Et cette fameuse année, alors, était-elle bonne pour la liberté créatrice des artistes de cinéma ? Il me faudrait faire une enquête circonstanciée pour formuler un simple début de jugement intelligent. Je note toutefois que 1974 est un repère temporel très important pour l'audiovisuel français: c'est l'année du démantèlement de l'Office de radiodiffusion-télévision française, le tout-puissant ORTF. Supprimé dix ans seulement après sa création, l'organisme public éclate en sociétés indépendantes, dont trois télés: TF1, A2 et FR3. J'ignore l'impact que cela aura sur les films diffusés sur le petit écran. Le 8 juin 1974, Jacques Chirac forme son premier gouvernement. Michel Guy, son secrétaire d'Etat à la Culture, encouragera l'avance sur recettes et, plutôt que censurer les films X, les fera taxer à 33% !

Je vais conclure en toute franchise: il me reste encore plein de choses à découvrir à propos de 1974. Sean Connery, lui, avait fini par lâcher le smoking de James Bond pour mettre le slip rouge de Zed, le héros improbable et poilu de Zardoz. Si ce genre de look pique vos yeux sensibles, je dois dire que je vous comprends, sans que ça vienne altérer mon envie de m'y frotter - bon, c'est une façon de parler. J'aimerais aussi revoir le Chinatown de Roman Polanski, humer alors le Parfum de femme de Dino Risi, m'imaginer dans le costume chic du Gatsby de Jack Clayton et devant Le miroir d'Andreï Tarkovski.
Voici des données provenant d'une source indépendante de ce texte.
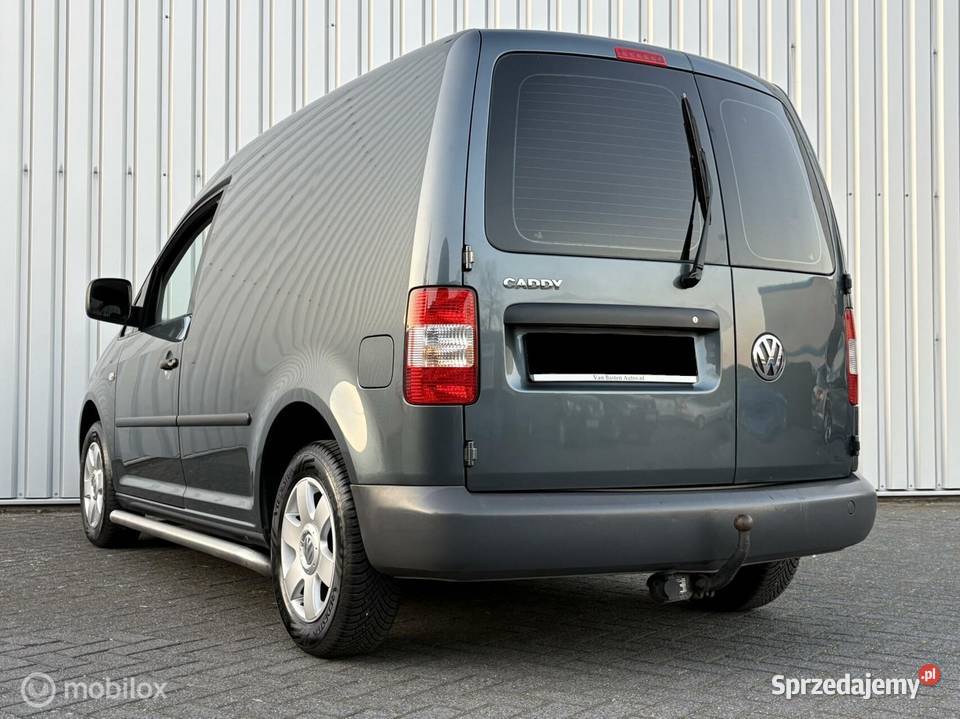 VW CADDY 20SDI Furgon Klima wspomaganie kierownicy Rydułtowy sprzedam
J'éviterai le Massacre à la tronçonneuse, avec une pensée amusée pour un film suisse dont mon père m'a offert le DVD: Jonas qui aura 25 ans en l'an 2000. Lui est sorti en 1976. Ah, les anniversaires... 

3 commentaires:

cc rider a dit…

J'ai vu en salle tous les films cités dans l'article , plus :
Les anges gardiens, les casseurs de gang,flesh gordon,il était une fois Hollywod, un justicie dans la ville,les mains dans les poches (avec un stallone inconnu à l'époque), tremblement de terre (premier utilisation de l'effet seround and salle) , un colt pour une corde (la fin du western spaghetti) ,Yakuza, L'ile sur le toit du monde,Bordalino and C°, A nous quatre cardinals, La gifle.

O tempora o mores...!!

sentinelle a dit…

Bonjour Martin,

Sean Connery est… euh comment dire… très surprenant.

Que de souvenirs que tous ces films ! Michael Cimino, je l’ai rencontré l’année passée quand il est venu présenter son film La porte du paradis, dans sa version restaurée et remastérisée de 3 h 36 min et qui est un tout simplement un petit bijou. C’est drôle que tu cites Le miroir d'Andreï Tarkovski, car il fera l’objet d’un billet qui paraîtra prochainement :-)

Bon week-end !

ChonchonAelezig a dit…

Ah Sean... cette culotte orange... je ne peux pas m'y faire. Ca casse le mythe.